_Problem requirements_. Print out the data exactly, keeping every image out of it.

_Data segment_.
· · · · · · ·

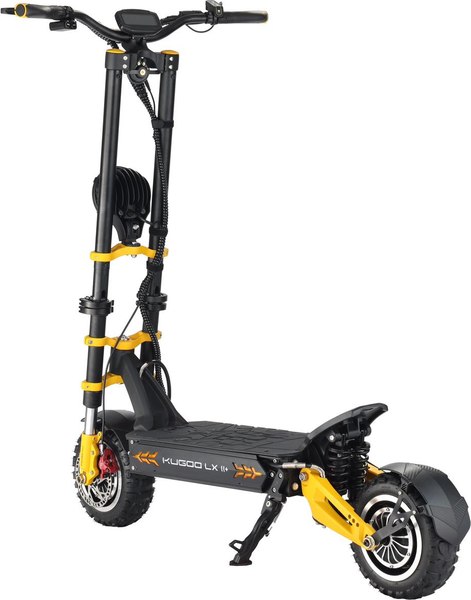 Электросамокат Kugoo LX 11+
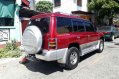 SELLING MITSUBISHI PAJERO 2003 Automatic-4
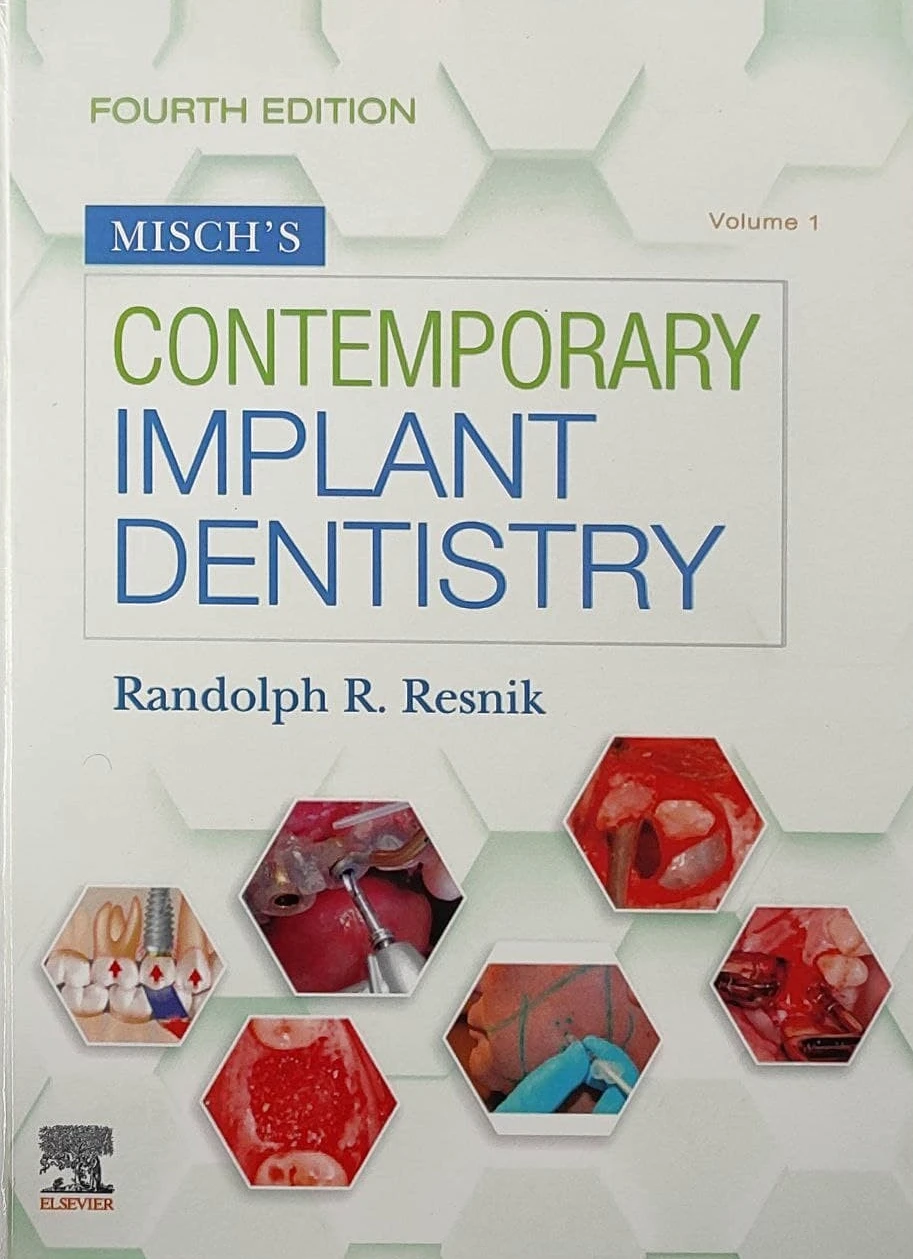 Misch's Contemporary Implant Dentistry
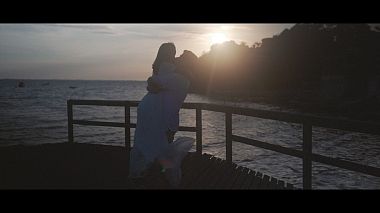 Videografo Artur Monteiro da Rio De Janeiro, Brasile - Higher Love, wedding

· · · · · · ·

_Answer space_.
 Электросамокат Kugoo LX 11+
 SELLING MITSUBISHI PAJERO 2003 Automatic-4
 Misch's Contemporary Implant Dentistry
 Videografo Artur Monteiro da Rio De Janeiro, Brasile - Higher Love, wedding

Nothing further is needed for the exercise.